Недели через две меня вызвали: "Давай слегка" (то есть без вещей).

В маленьком следовательском кабинете сидели два полковника. Серебристые погоны с синими кантами. Перед ними на столе – папки тюремных дел.

Длиннолицый, лысоватый, в очках заговорил по-немецки с хорошим гимназическим произношением. Я ответил. Он задал несколько простых вопросов по-английски, вывертывая старательно язык. И непринужденно – по-французски.

Второй полковник, плечистый, грубоватый, по-русски спросил, где я учился, на какую тему защищал диссертацию, чем занимался на фронте.

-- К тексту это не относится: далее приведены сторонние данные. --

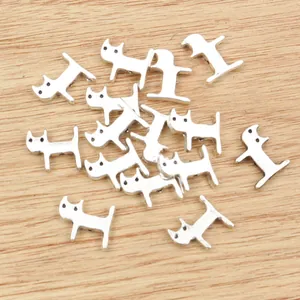 Alloy cat silhouette pendants scattered on wood surface for DIY jewelry making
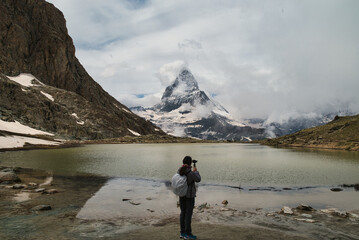 Girl hiker shooting with a selfie stick on the Matterhorn or Cervino at Lake Stellisee, Zermatt, Swiss Alps. Photograph taken in the spring season.
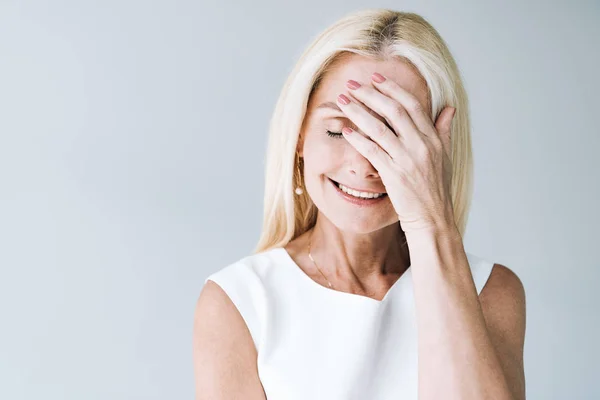 Mujer madura rubia feliz con los ojos cerrados aislados en gris - foto de stock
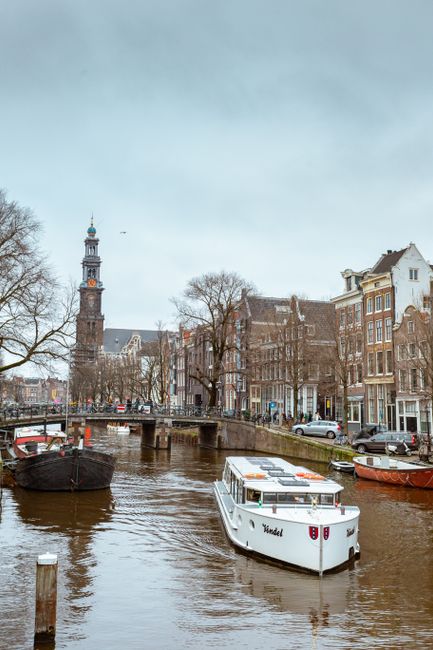 Charming view of an Amsterdam canal featuring historic buildings and boats on an overcast day.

– Тут вы написали заявление в 4-й отдел. Откуда узнали про этот отдел? Кто сказал? Не спрашивали фамилие? Как так, вы с ним содержитесь в одной камере и не знаете фамилие? И еще хотите, чтобы мы вам доверяли! Ах, вы только в бане вместе были, вели случайный разговор?! Ну что ж, допустим эту возможность... Так вот, мы хотим вас использовать по квалификации. Но в таком управлении, на таком объекте, который совершенно секретный. Самая строжайшая гостайна. Этот, который в бане с вами трепался, допустил разглашение. За подобную трепню полагается строжайшая кара, вплоть до высшей меры. Вам будут кое-что доверять. Даже, возможно, очень серьезно доверять. Но зато и спрашивать будут. Понятно?.. Можно увести.

(Обоих полковников я впоследствии узнал ближе. Длиннолицый интеллигент – Антон Михайлович В., прототип Якулова из романа "В круге первом". Упоминается там и второй, Фома Фомич Ж., ветеран органов. Образование он получил в одесском музыкальном рабфаке. Говорили, что был способным баянистом. Позднее, став сотрудником спецотдела ГПУ-НКВД-МГБ, он, распоряжаясь инженерами и учеными, получил степень доктора технических наук.)

Когда Панина вызвали с вещами, мы простились, как обычно прощаются в тюрьмах, – навсегда. Угрюмо шутили: "Швейк назначал свидание в шесть часов вечера после войны. А мы условимся: в шесть часов вечера после тюрьмы".

Недели две спустя увезли из Бутырок меня и еще нескольких инженеров из нашей камеры. Ехали мы не больше сорока-пятидесяти минут. Значит, в черте города.

Выгрузились в большом дворе-саду. Темные ели, густая темно-серая пряжа голых деревьев и кустов. Ограды не видно. Только угадывается под шеренгой густых фонарей.

Трехэтажное кирпичное здание старой постройки. На торце башня с куполом. Ярко освещенный подъезд.

Принимают охранники в форме МВД, неторопливо-спокойные. Ни лающих окриков лагерных вертухаев, ни хриплого угрозного шепота тюремных надзирателей.

– Проходите на третий этаж. Там все объяснят.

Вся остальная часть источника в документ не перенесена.